Endapan perasaan-perasaan ini merupakan bahan bakar untuk konflik ratusan tahun ke depan. Bahkan, ketika pada akhirnya Konstantinopel ditaklukkan Sultan Mahmed pada 1453, orang-orang Kristen Ortodoks merasa “beruntung” sebab dikalahkan kaum Muslim Turki, bukan orang Latin yang Kristen. Sebab, mereka tahu, gereja-gereja Ortodoks akan tetap hidup di bawah pemerintahan Muslim.
Lebih jauh, menurut Fuller, sesungguhnya Perang Salib yang berlangsung sejak abad ke-11 sampai ke-13 tetap akan terjadi sekalipun Islam tidak pernah ada. Perang yang dipicu pidato Paus Urbanus II dalam Konsili Clermont 1095 ini terjadi selama beberapa tahap.
Namun, dalam pidato tersebut sebenarnya tidak ada penyebutan satu kali pun “Islam” atau “Muslim”, melainkan hanya “orang kafir.” Sebutan yang sesungguhnya tidak jelas batas-batas referensinya karena bisa merujuk pada siapapun yang dianggap berbeda.
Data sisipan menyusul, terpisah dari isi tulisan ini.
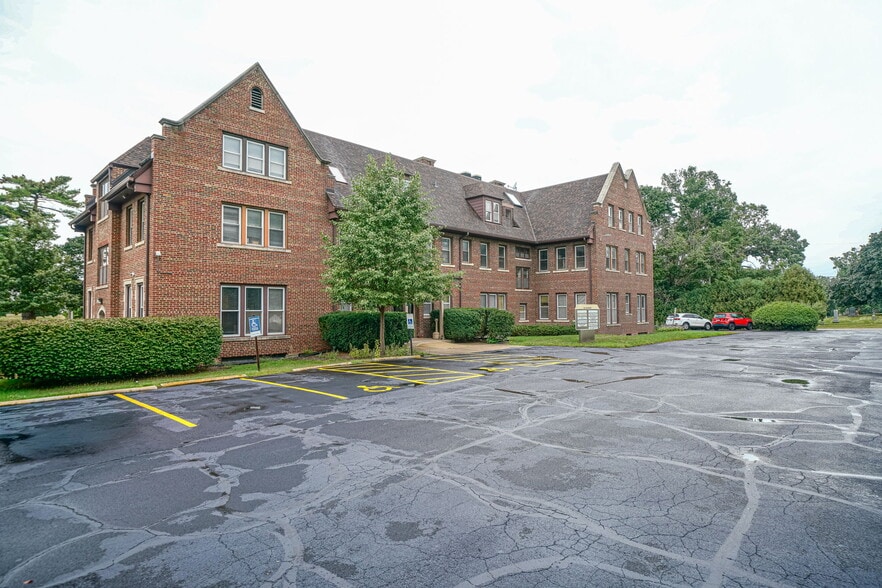 More Photos Of , Rockford Office For Sale
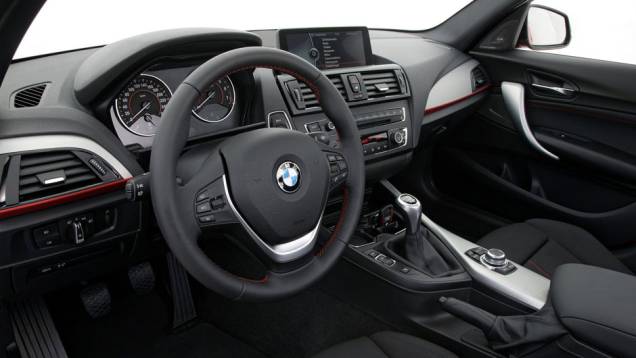 Segunda geração do hatchback cresce, ganha novos motores e fica mais requintada Segunda geração do hatchback cresce, ganha novos motores e fica mais requintada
Puncaknya, pada Perang Salib gelombang keempat yakni 1204 M, balatentara Salib justru menyerbu Konstantinopel dan membunuh warga kota itu secara kejam, meskipun mereka toh Kristen seperti mereka. Kejadian ini seolah menegaskan ujaran Paus Innocentius III, bahwa harapan jangka panjang Perang Salib sebenarnya adalah mengembalikan kesatuan Gereja antara Timur Dan Barat. Penjarahan atas Konstantinopel tentu saja memupuskan harapan ini.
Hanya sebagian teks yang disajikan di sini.